Der Seelsorger und sein Gletscher
In Zeiten des Klimawandels ist die Gletscherschmelze eine Folge, die auch in unseren Breitengraden erlebbar ist. So wurde in der Schweiz zum ersten Mal eine Gedenkfeier für einen Firn abgehalten, und zwar für den «Pizol». Der angefragte Pfarrei-Seelsorger Eric Petrini hielt eine leidenschaftliche Rede.
Zuweilen spaltet die Thematik die Menschheit, und Polemik gipfelt in Fragen wie: «Darf ich mein Auto noch lieben? Darf ich für eine Shopping-Tour in Genf einen Flug buchen? Darf ich beim Chef einen freien Tag für eine Gletscher-Beerdigung beantragen?»Dabei können Fakten von Wissenschaftlern helfen, die realistisch und sachlich sind. Matthias Huss, Glaziologe an der ETH Zürich, erklärte beispielsweise, dass der Pizol jährlich zwei Meter an Dicke verliere und somit nicht mehr als Gletscher gelte. So liessen sich rund 250 Menschen dazu bewegen, eine Gedenkfeier abzuhalten, um auf diese Missstände hinzuweisen. Der römisch-katholische Pfarrei-Seelsorger Eric Petrini packte also Mikrofon, Brot und Most ein und stieg auf den Berg...
Livenet: Wie kam die Anfrage
zu Ihnen? Und was war Ihr erster Gedanke?
Eric Petrini: Unser Pastoralteam der
Seelsorgeeinheit wurde vom Hilfswerk
Fastenopfer angefragt, ob wir eine Gedenkfeier auf unserem Pfarreigebiet in irgendeiner
Form unterstützen möchten.Ich bin selber überzeugter
Klimaschützer, begeisterter Berggänger und Bergsteiger. Deshalb sagte ich sofort zu.

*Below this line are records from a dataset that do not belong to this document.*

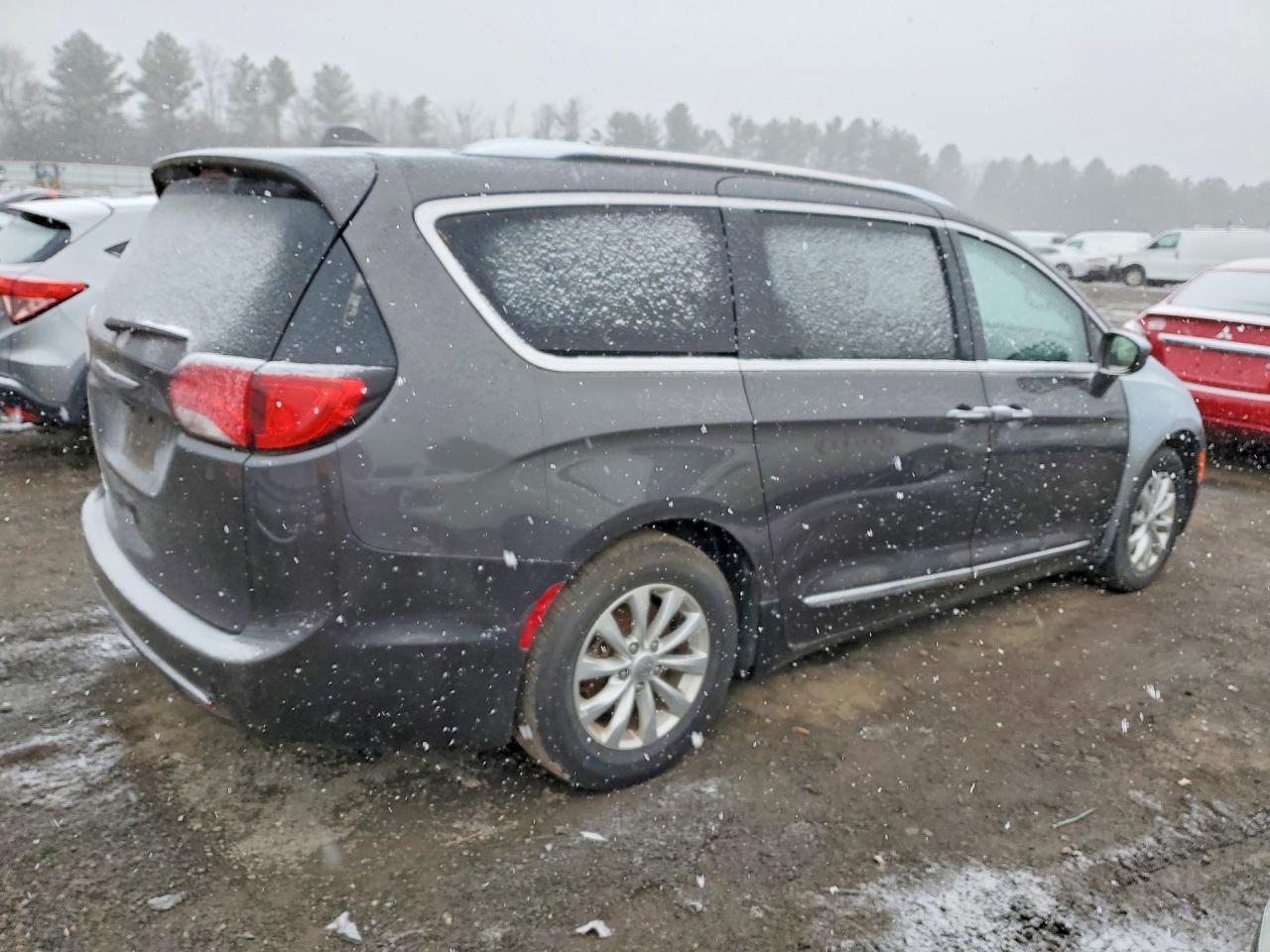 2019 Chrysler Pacifica Touring L - Фото 3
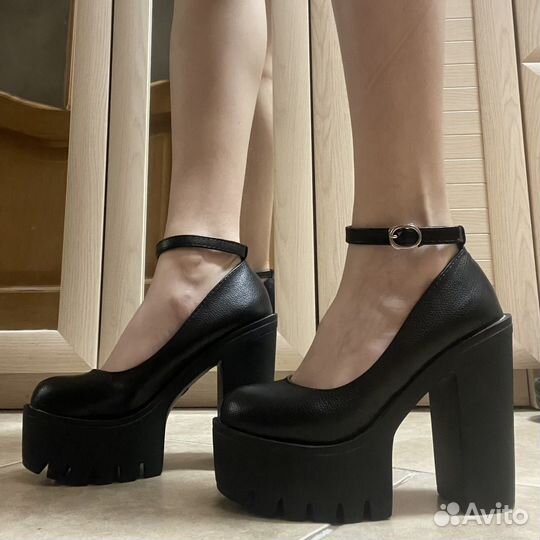 Туфли женские на каблуке и платформе в стиле bratz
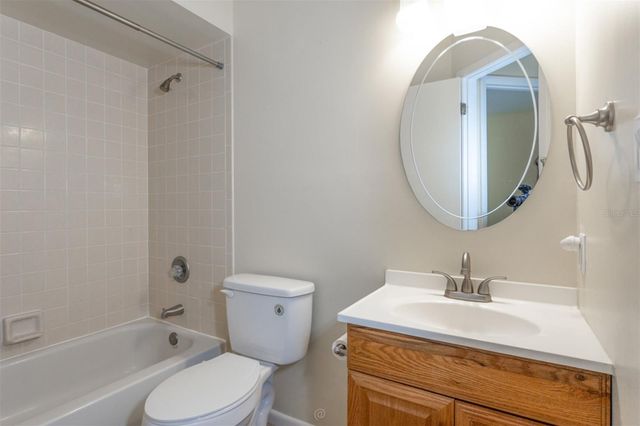 18 SALISBURY COURT 18, Palm Coast, FL 32137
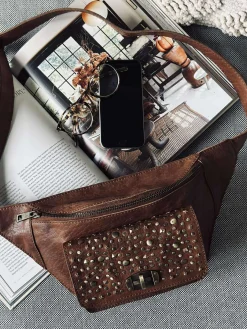 Bumbag med nitter - Cognac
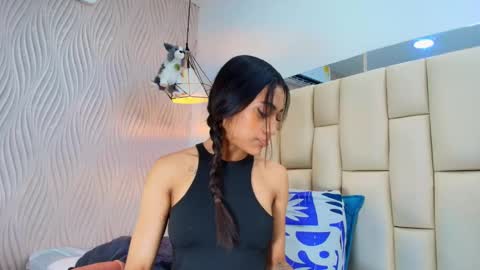 Snapshot of vero_temptation chatting on November 2025 12:02:02 PM Vero online show from November 2025 12:02:02 PM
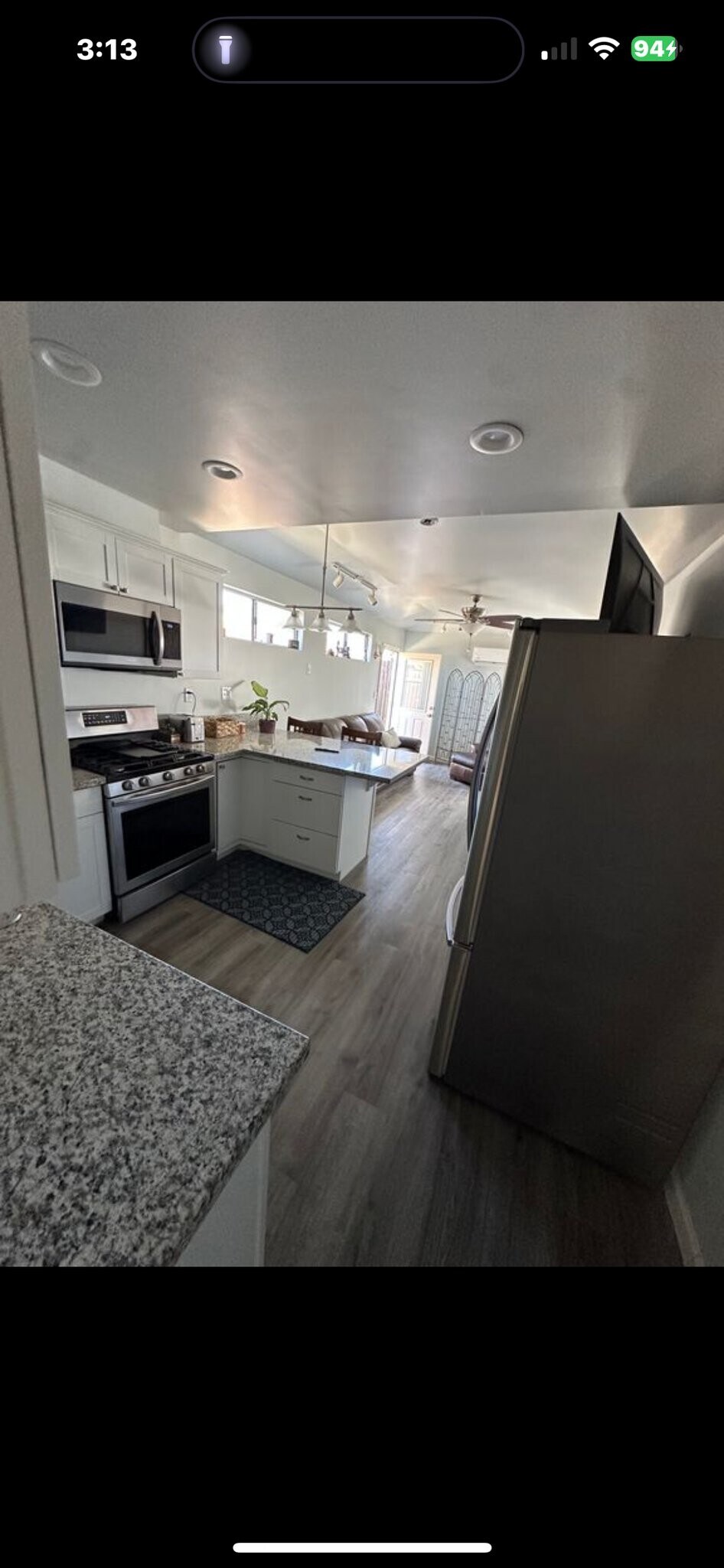 Building Photo - 1604 Chestnut Ave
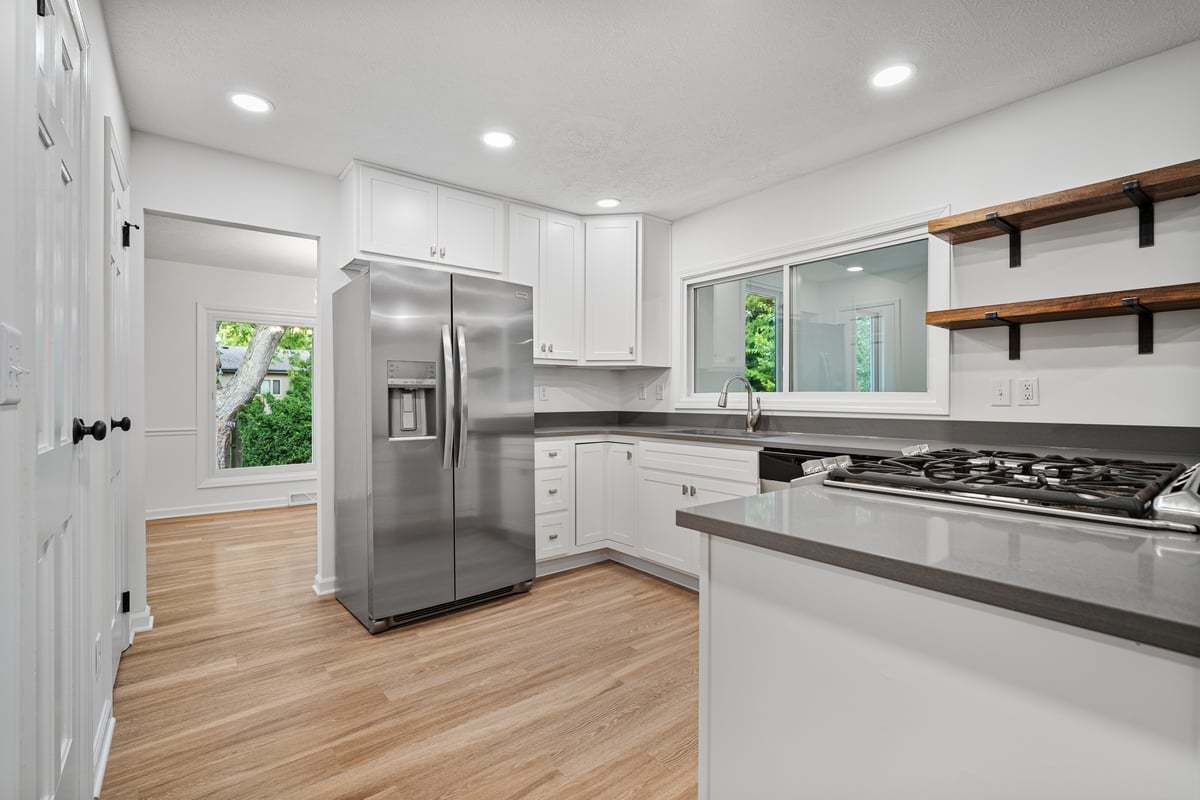 319 Hillside Lane, Bloomington, IL 61701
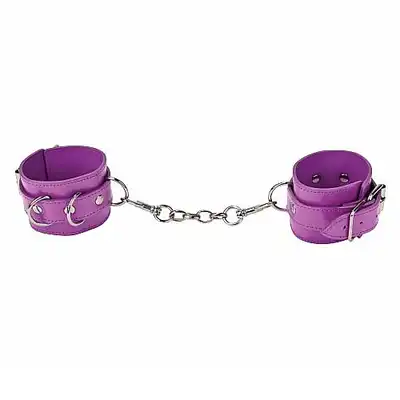 Ouch! - Premium Bonded Leather Cuffs Purple. Kajdanki łączone karabińczykami. 
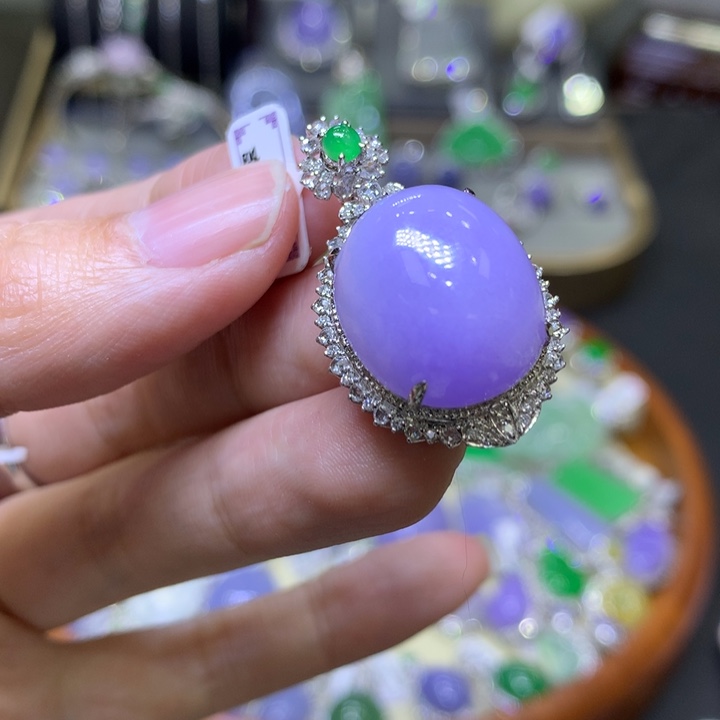 翡翠颈饰18K金镶嵌翡翠吊坠项链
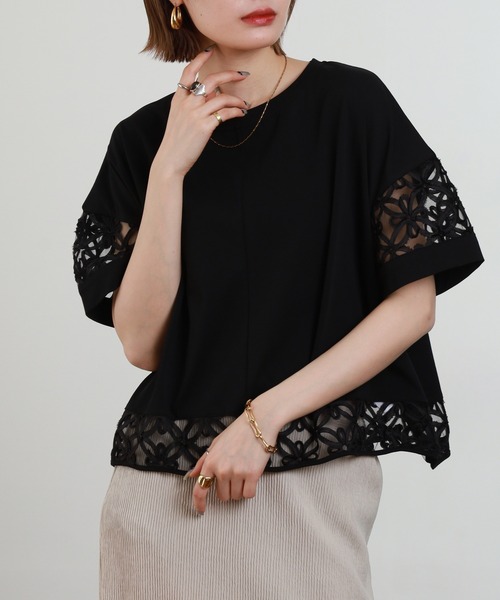 EGLANTINE(エグランティーヌ)の「EGLANTINE フラワーレース切り替えカットソー(Tシャツ/カットソー・レディース・ブラック/グレイッシュブルー/オフホワイト・38)」の12枚目の写真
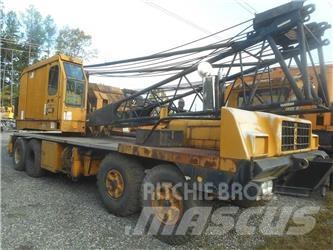 American 4450 Grues tout terrain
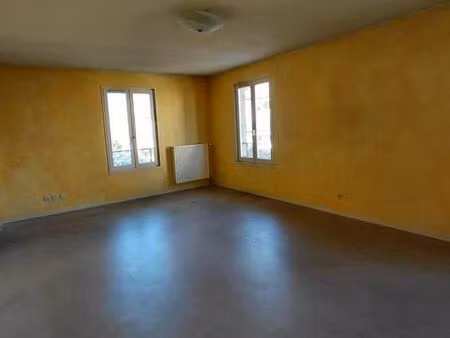 appartement 3 pièces 77 m²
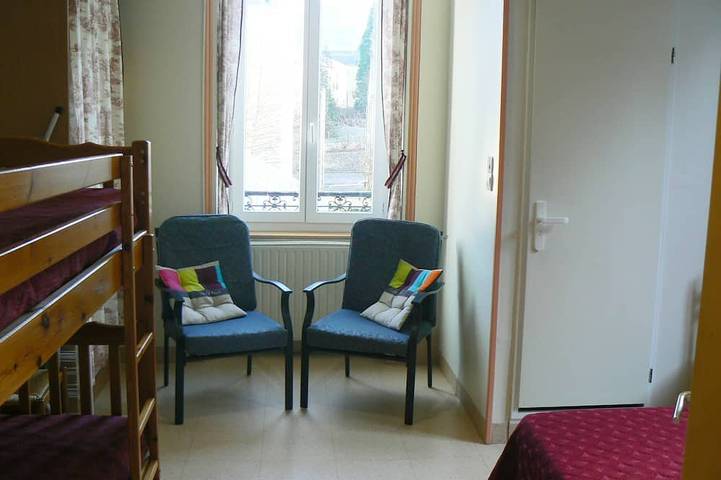 Appartement entier, Villa des Familles - La Futaie - au calme à La Bourboule in La Bourboule, Parc naturel régional des Volcans d'Auvergne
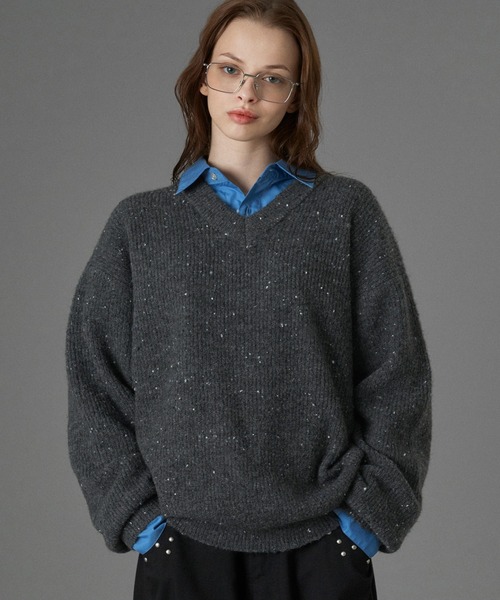 ONCILY(オンシェリー)の「WOOL BLEND COLOR NEP V-NECK KNIT / カラーネップVネックニット(ニット/セーター・メンズ・グレー/チャコールグレー/ブルー・SMALL/MEDIUM/LARGE)」の3枚目の写真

Mein erster Gedanke war, dass ich unbedingt mitarbeiten möchte. Mir war aber auch bewusst, dass diese Aktion zur Unterstützung der Gletscher-Initiative sicherlich für Aufsehen sorgen und nicht überall auf Anerkennung stossen würde.
Weshalb war es Ihnen so wichtig, dieses Anliegen zu unterstützen?
Die Sorge um
die Natur und damit eben auch der Klimaschutz sind meiner Meinung nach ganz deutlich in der christlichen
Grundhaltung verwurzelt. Die Natur
behutsam zu behandeln, ist etwas, was mein Denken prägt. Und damit verbunden auch
die Frage der Wertschätzung von Lebensmitteln und Produkten und das
Hinterfragen des eignen Konsums, beziehungsweise das Entdecken der eigenen
Demut und Bescheidenheit. Wenn ich ein Brot kaufe, dann frage ich mich
tatsächlich, wer wohl z.B. den Weizen verarbeitet hat. Wenn ich diese Fragen mit
einem Gesicht (wenn auch nur in meiner Vorstellung) verbinden kann, bekommt
dieses Brot einen unschätzbaren Wert.
Es gibt einfach viel zu viel Verschwendung, Ausbeutung – und letztlich eine himmelschreiende Gleichgültigkeit und Achtlosigkeit. Wenn jemand Brot wegwirft, sehe den Bäcker, den Bauern, den Landwirten und irgendwo ein hungerndes Kind oder einen armen Rentner, der die Mülltonnen nach Essensresten durchwühlt. Und wenn ich wandern gehe und Zigarettenstummel und Bierdosen herumliegen sehe, dann finde ich das eine blanke Frechheit. Und ja, ich nehme den Müll dann mit hinunter ins Tal. Das alles schwang irgendwo mit, als ich anfing, mich mit dieser Gedenkfeier zu beschäftigen.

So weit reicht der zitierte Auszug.